> [Goal of the exercise]: Reproduce every line in the listing that contains the word "welcome".

> [Available data]:
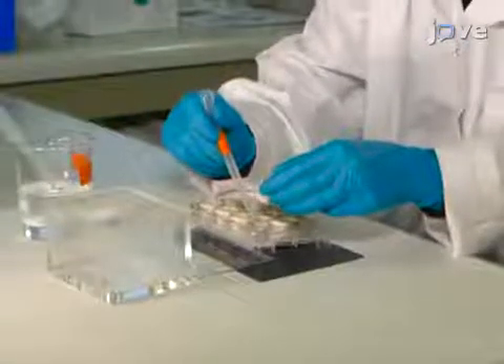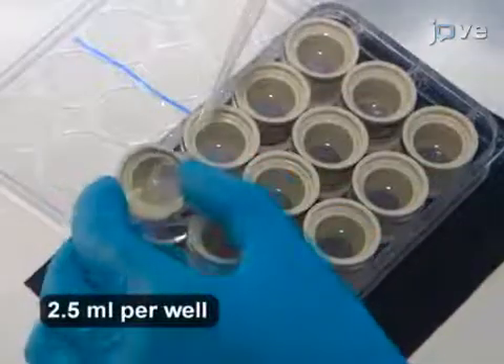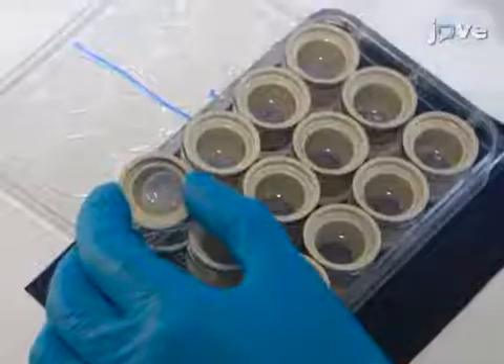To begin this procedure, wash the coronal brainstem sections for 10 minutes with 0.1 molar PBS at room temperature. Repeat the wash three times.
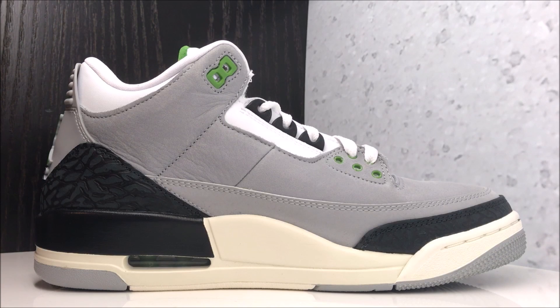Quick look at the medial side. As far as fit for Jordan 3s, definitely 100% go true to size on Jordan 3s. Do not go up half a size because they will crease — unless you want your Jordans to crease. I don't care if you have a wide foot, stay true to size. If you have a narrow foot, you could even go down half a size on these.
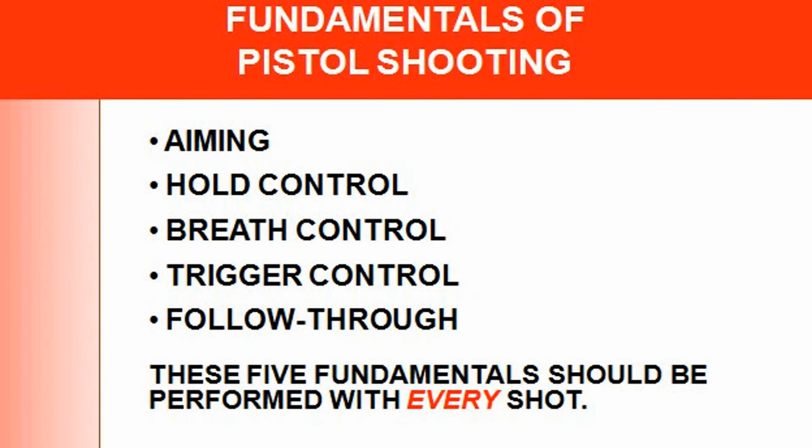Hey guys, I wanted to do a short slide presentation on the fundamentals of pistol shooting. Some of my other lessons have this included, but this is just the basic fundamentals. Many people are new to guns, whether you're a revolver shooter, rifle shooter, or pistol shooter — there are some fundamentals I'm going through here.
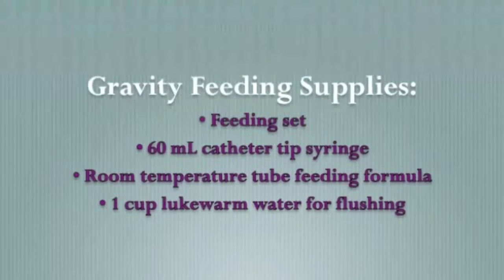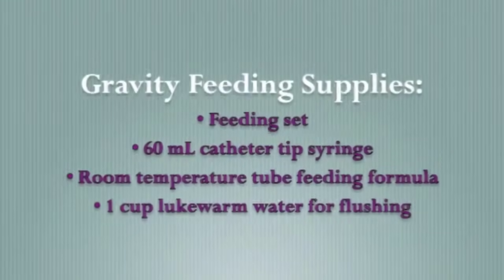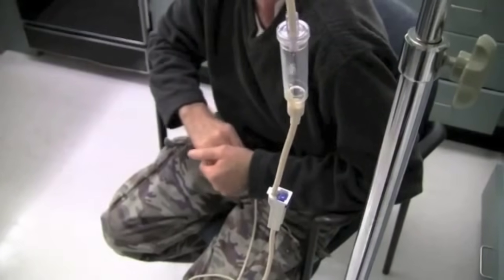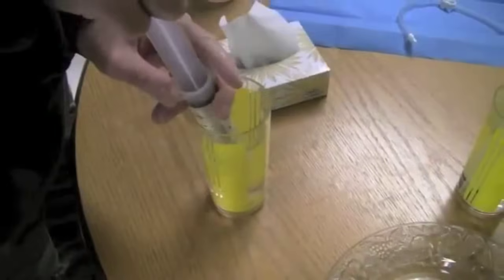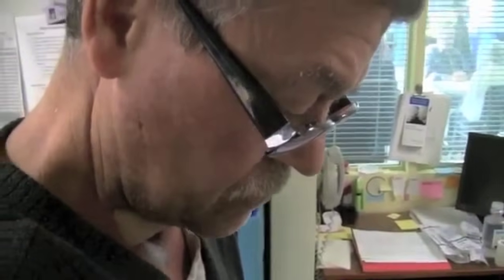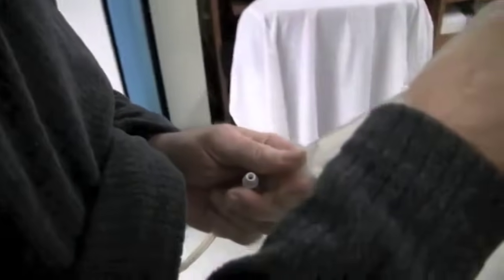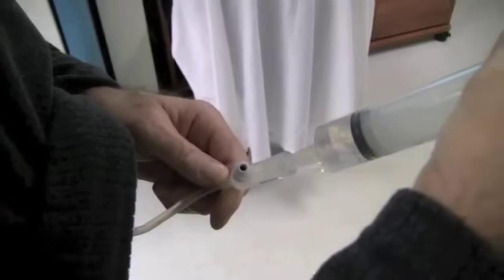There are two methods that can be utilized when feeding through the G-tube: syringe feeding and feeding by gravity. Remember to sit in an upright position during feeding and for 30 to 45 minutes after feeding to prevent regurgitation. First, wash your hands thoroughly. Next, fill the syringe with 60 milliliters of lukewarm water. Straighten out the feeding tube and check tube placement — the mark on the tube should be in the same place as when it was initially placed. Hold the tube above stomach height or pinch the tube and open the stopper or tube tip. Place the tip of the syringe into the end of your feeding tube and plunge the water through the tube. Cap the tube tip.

--

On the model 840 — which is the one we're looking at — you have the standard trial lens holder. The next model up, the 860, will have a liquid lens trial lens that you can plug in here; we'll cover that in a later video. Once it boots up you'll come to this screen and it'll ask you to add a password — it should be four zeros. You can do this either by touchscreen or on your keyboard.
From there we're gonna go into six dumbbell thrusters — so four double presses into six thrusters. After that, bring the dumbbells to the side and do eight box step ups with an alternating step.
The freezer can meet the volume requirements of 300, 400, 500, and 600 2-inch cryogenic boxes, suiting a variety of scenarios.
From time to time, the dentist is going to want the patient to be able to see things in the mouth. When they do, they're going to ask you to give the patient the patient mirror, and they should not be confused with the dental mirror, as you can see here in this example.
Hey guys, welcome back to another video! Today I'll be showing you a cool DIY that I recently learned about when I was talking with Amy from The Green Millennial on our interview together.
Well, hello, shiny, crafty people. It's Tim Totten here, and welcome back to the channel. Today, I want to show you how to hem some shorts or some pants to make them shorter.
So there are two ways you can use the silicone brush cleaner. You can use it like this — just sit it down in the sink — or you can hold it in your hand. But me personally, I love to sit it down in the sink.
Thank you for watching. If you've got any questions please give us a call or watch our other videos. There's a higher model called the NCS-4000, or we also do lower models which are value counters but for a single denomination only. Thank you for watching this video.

> [Response box]:
Hey guys, welcome back to another video! Today I'll be showing you a cool DIY that I recently learned about when I was talking with Amy from The Green Millennial on our interview together.
Well, hello, shiny, crafty people. It's Tim Totten here, and welcome back to the channel. Today, I want to show you how to hem some shorts or some pants to make them shorter.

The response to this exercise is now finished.